During the MOVING workshop “Unlocking the power of mountain value chains” in November 2023 in Hungary. we discussed challenges and solutions for mountain value chains. The role and skills of these key-actors for mountain value chains development emerged strongly -when considering these solutions in terms of necessary skills. Of the 35 solutions collected with stakeholders, 13 are linked to bottom-up empowerment and participatory processes (37%). More specifically, one can group them into the categories of skills needed as:
- Knowledge sharing and facilitation
- Cohesion and collaboration skills
- Pioneering, offering perspectives and vision
- Communication and story-telling
- Leadership for bottom-up, participatory approaches
“Digitalisation” issues were rarely mentioned, and when digital skills were mentioned, it was to highlight the support needed for bottom-up approaches to building sustainable value chains.

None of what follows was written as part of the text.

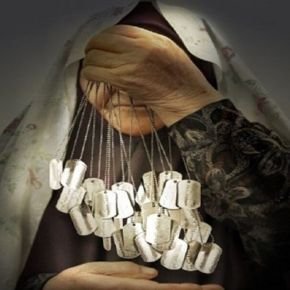 عصمت اخلاق پسند مادر شهید عسگری نظری درگذشت + بیوگرافی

To have appropriate skill acquisition, the training of advisors, farmers, etc. should be “fit for mountain production” and vocational training flexible and “delivered at local level in response to specific local needs”.
It thus looks like mountain value chains primarily need people with the soft skills to act as facilitators of the networks within and between value chains. Digital skills are tools to reinforce and serve communities in their efforts to transform towards environmental sustainability rather than the endpoint. As summarized by the MOVING Podcast, networking to care for the mountain communities could be one of the most important skills for mountain resilience. If a link is missing, these networks could collapse, even if the technical skills are present. It would thus make sense to reinforce the social component in the drive for more digital and green skills to maximise the potential of Europe’s mountains.